Exercise details: What are the lines, copied exactly, from the one containing "Picture of Home" through the final line of the material? Leave the pictures out.
==== Material for the task ====
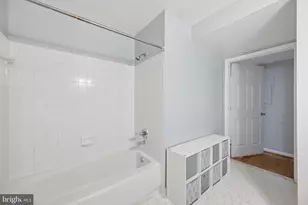 933 Hillside Lake Terrace, Gaithersburg, MD 20878 - Photo 23
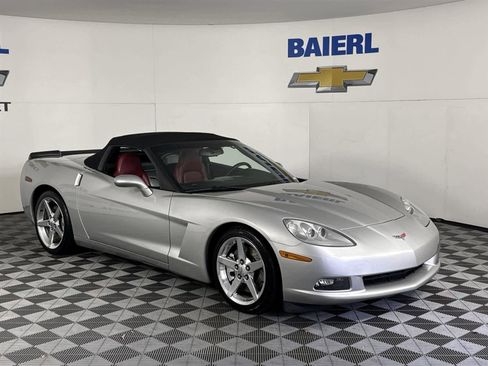 Used 2005 Chevrolet Corvette Convertible w/ Preferred Equipment Group image 7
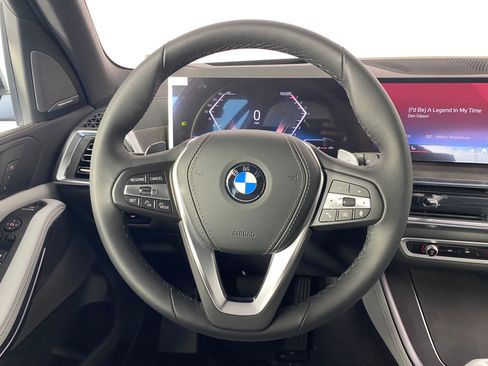 New 2026 BMW X5 sDrive40i w/ Premium Package image 13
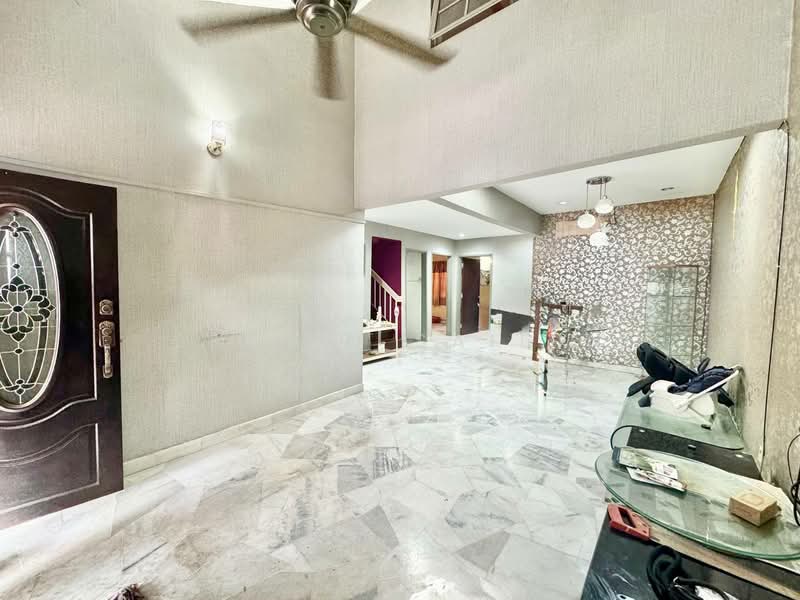 1.5-storey Terraced House for Sale in Usj 2 (Subang Jaya) - Shiqin Saidin - Living Room - PropertyGuru.com.my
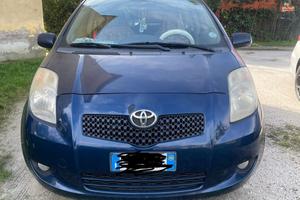 Auto Toyota Yaris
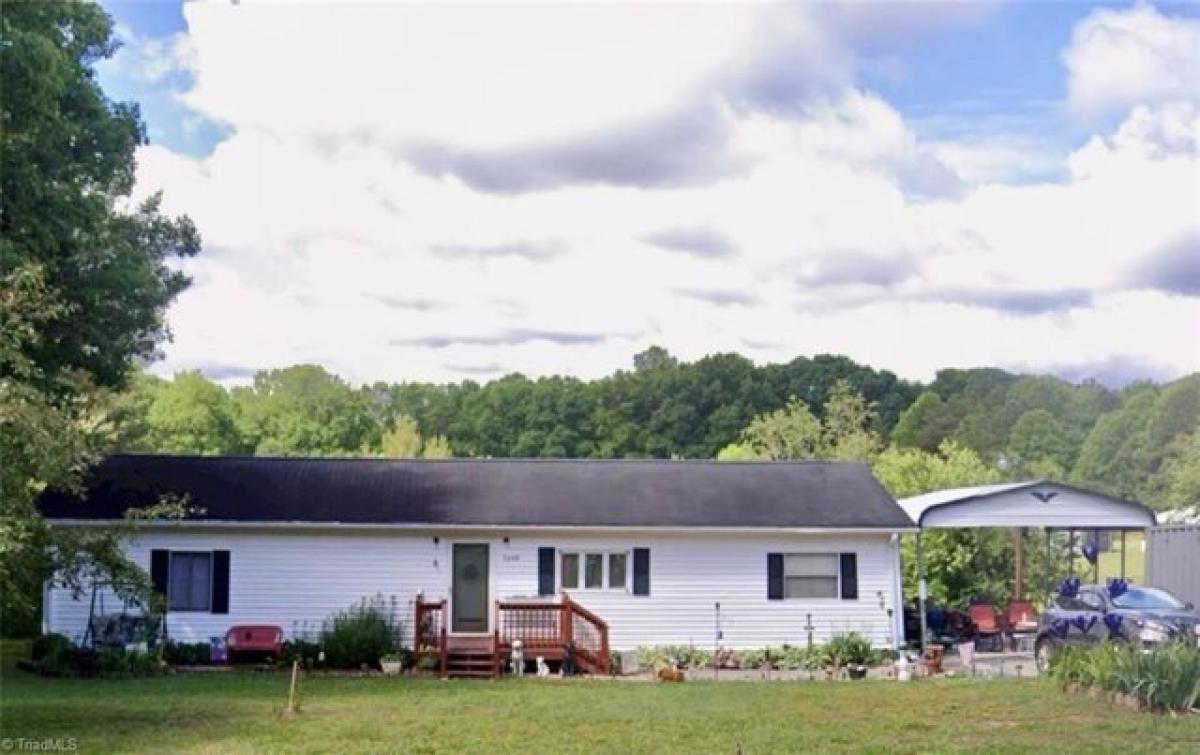 Picture of Home For Sale in East Bend, North Carolina, United States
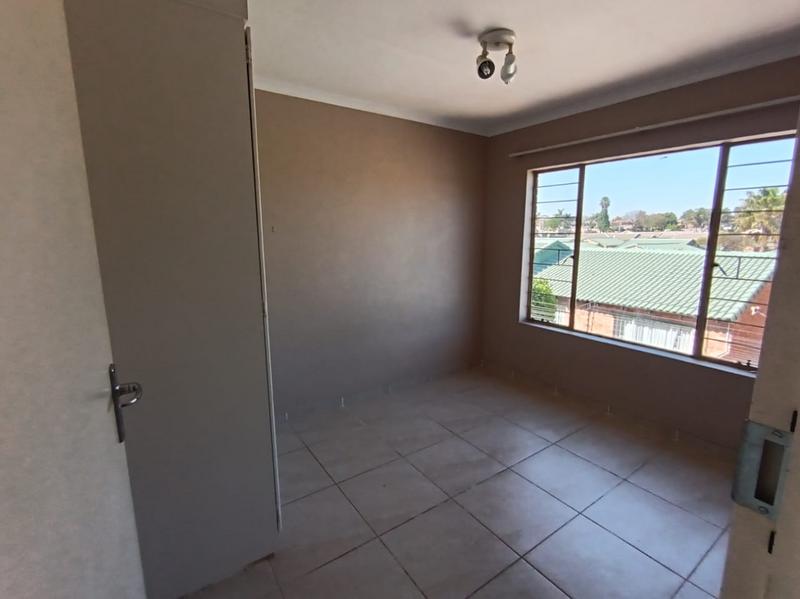 2 Bedroom Property for Sale in Florida Glen Gauteng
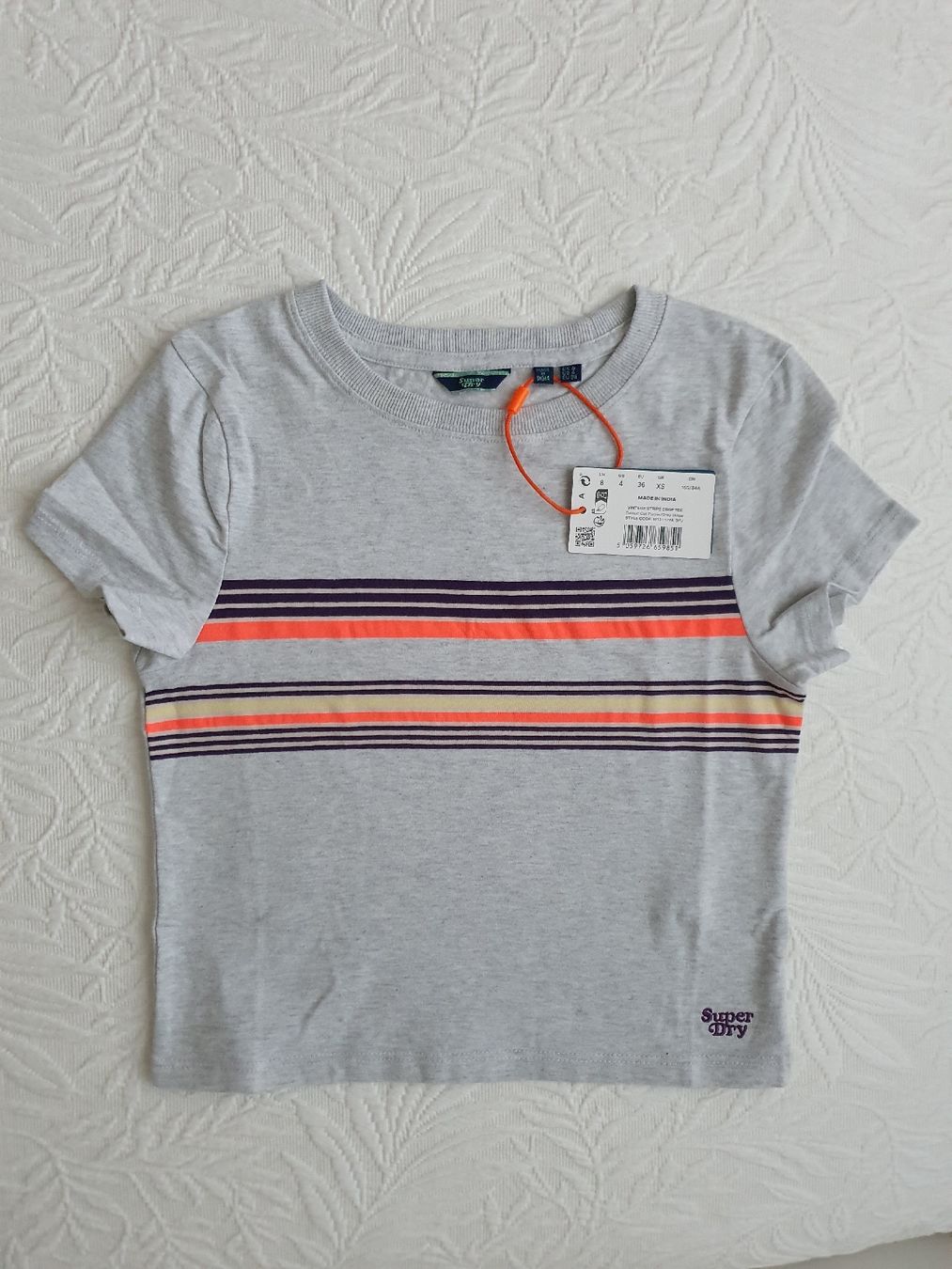 Superdry Camicette, T-shirt & Top: T-Shirt "SuperDry" – Nuovo e nell'imballaggio originale da Fraubrunnen venduto da 8calliope8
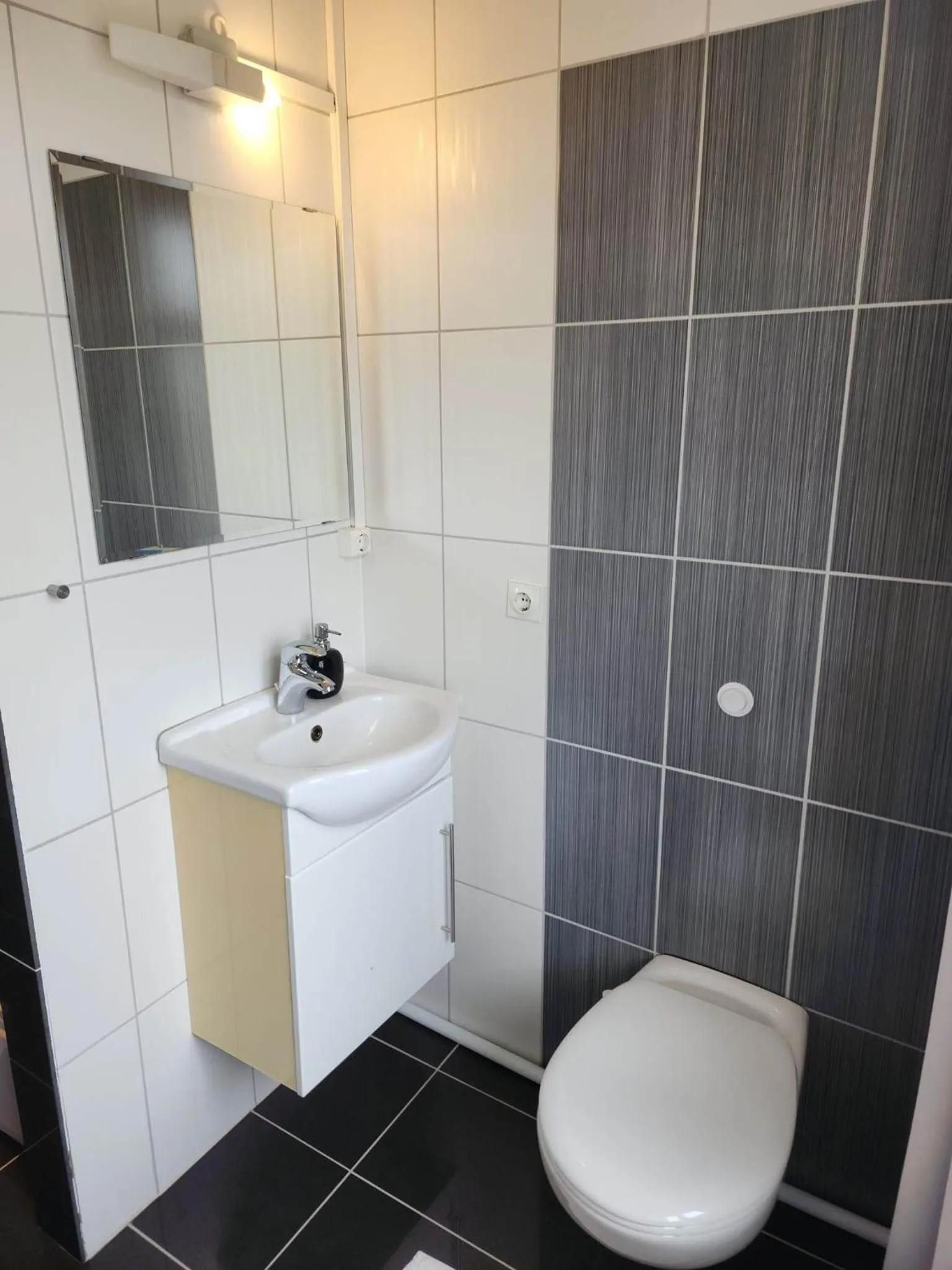 Toilet in Kiljan Apartments & Rooms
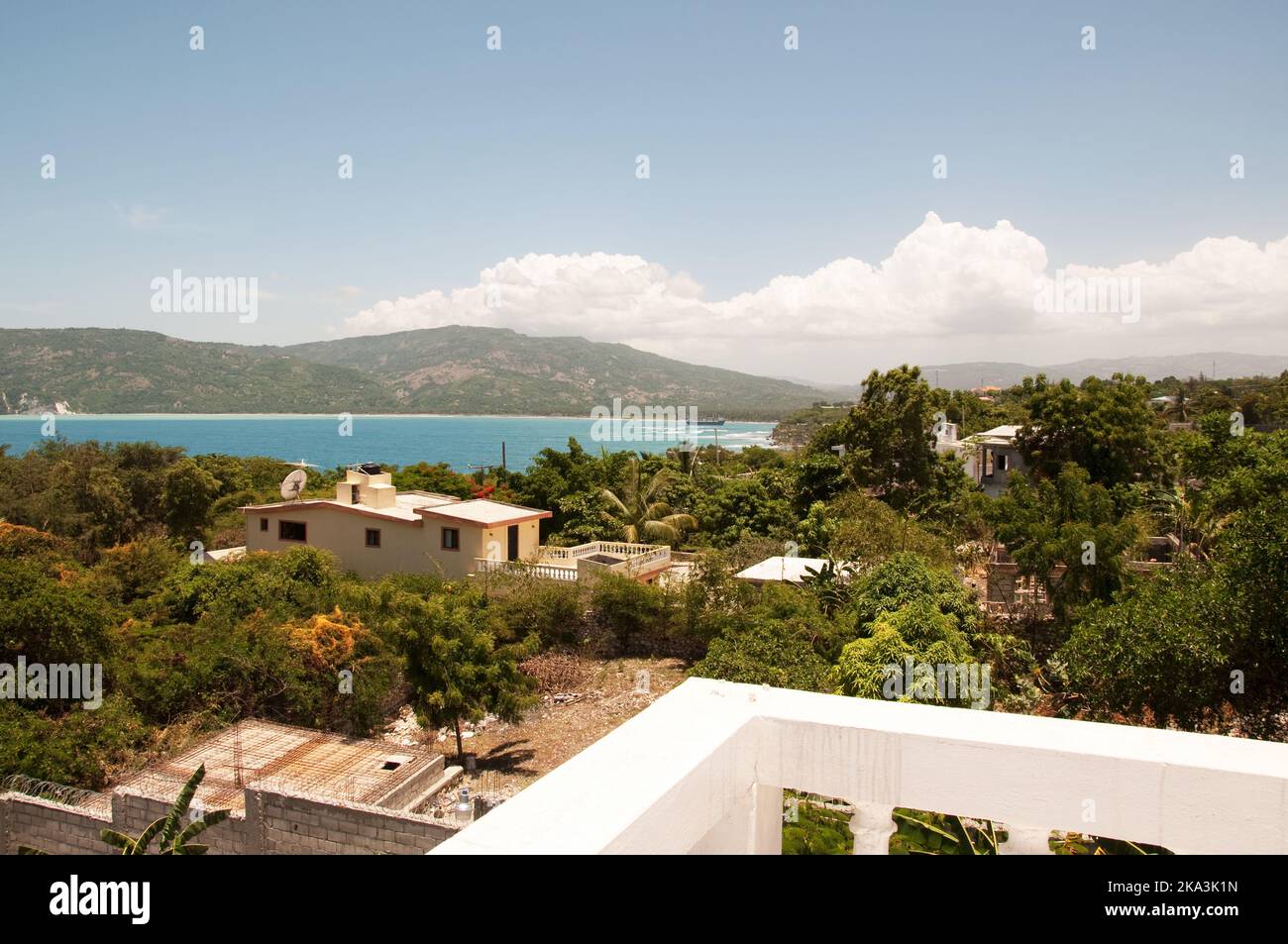 Vista a la Bahía de Jacmel, Haití. Jacmel es una gran ciudad en la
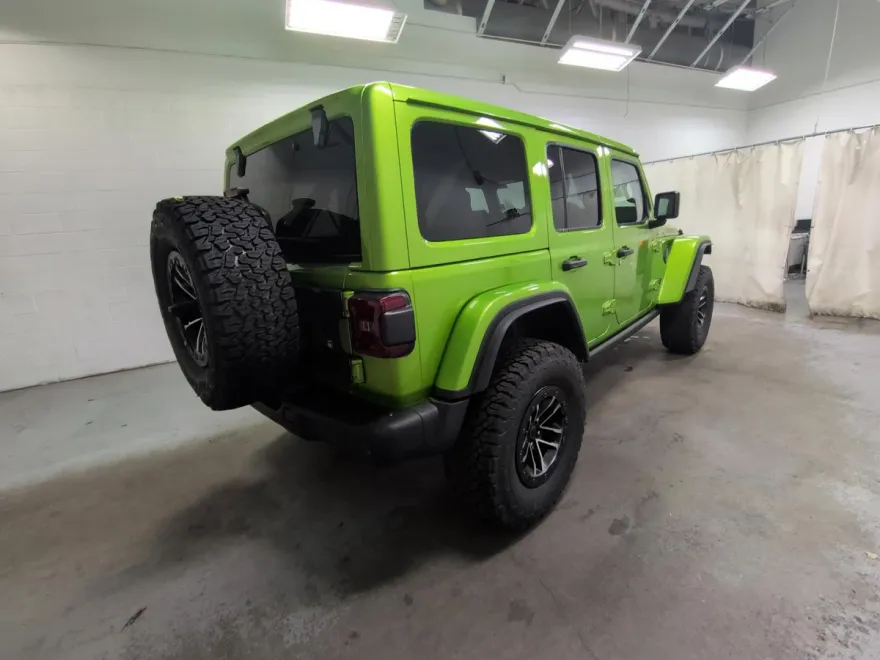 2025 Jeep Wrangler Rubicon X photo 1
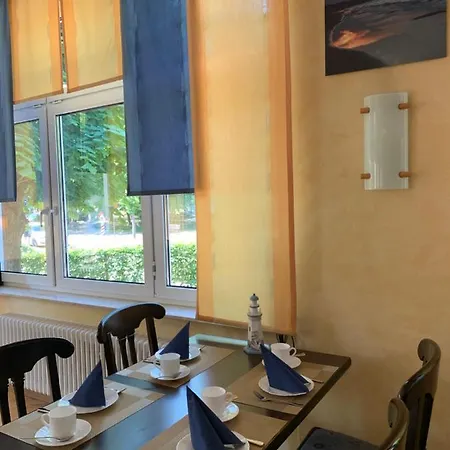 Zur Ostsee Maison d'hôtes Kolpinsee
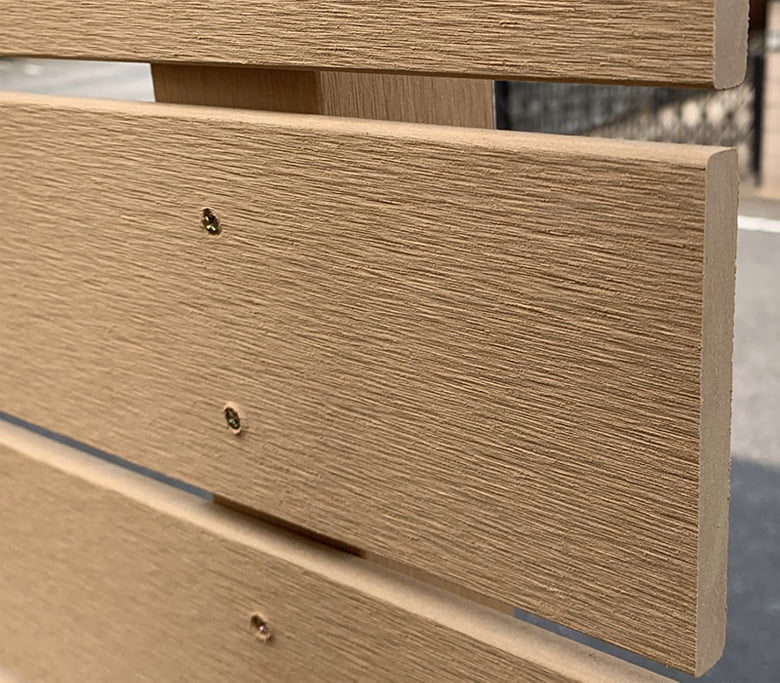 人工木材フェンス材】120×12×1800mm/株式会社エコウッド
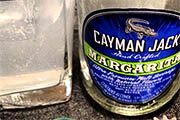 Cayman Jack Margarita: Easy Tropical Refreshment in a Bottle
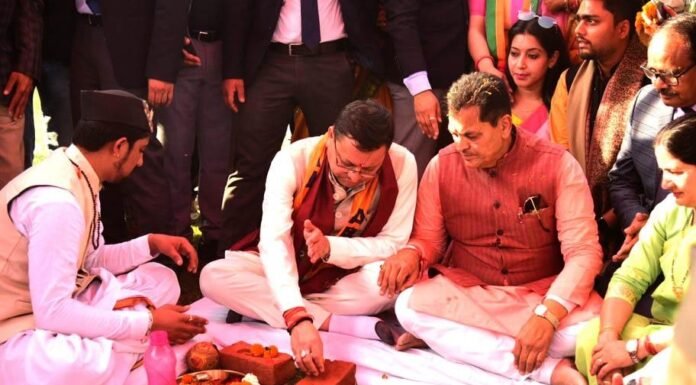 मुख्यमंत्री पुष्कर धामी ने ऋषिकेश में किया श्रीदेव सुमन उत्तराखंड विश्वविद्यालय के पं.ललित मोहन शर्मा परिसार के शैक्षणिक,प्रशासनिक भवन का भूमि पूजन कर शिलान्यास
====
Solution to this exercise:
 Picture of Home For Sale in East Bend, North Carolina, United States
 2 Bedroom Property for Sale in Florida Glen Gauteng
 Superdry Camicette, T-shirt & Top: T-Shirt "SuperDry" – Nuovo e nell'imballaggio originale da Fraubrunnen venduto da 8calliope8
 Toilet in Kiljan Apartments & Rooms
 Vista a la Bahía de Jacmel, Haití. Jacmel es una gran ciudad en la
 2025 Jeep Wrangler Rubicon X photo 1
 Zur Ostsee Maison d'hôtes Kolpinsee
 人工木材フェンス材】120×12×1800mm/株式会社エコウッド
 Cayman Jack Margarita: Easy Tropical Refreshment in a Bottle
 मुख्यमंत्री पुष्कर धामी ने ऋषिकेश में किया श्रीदेव सुमन उत्तराखंड विश्वविद्यालय के पं.ललित मोहन शर्मा परिसार के शैक्षणिक,प्रशासनिक भवन का भूमि पूजन कर शिलान्यास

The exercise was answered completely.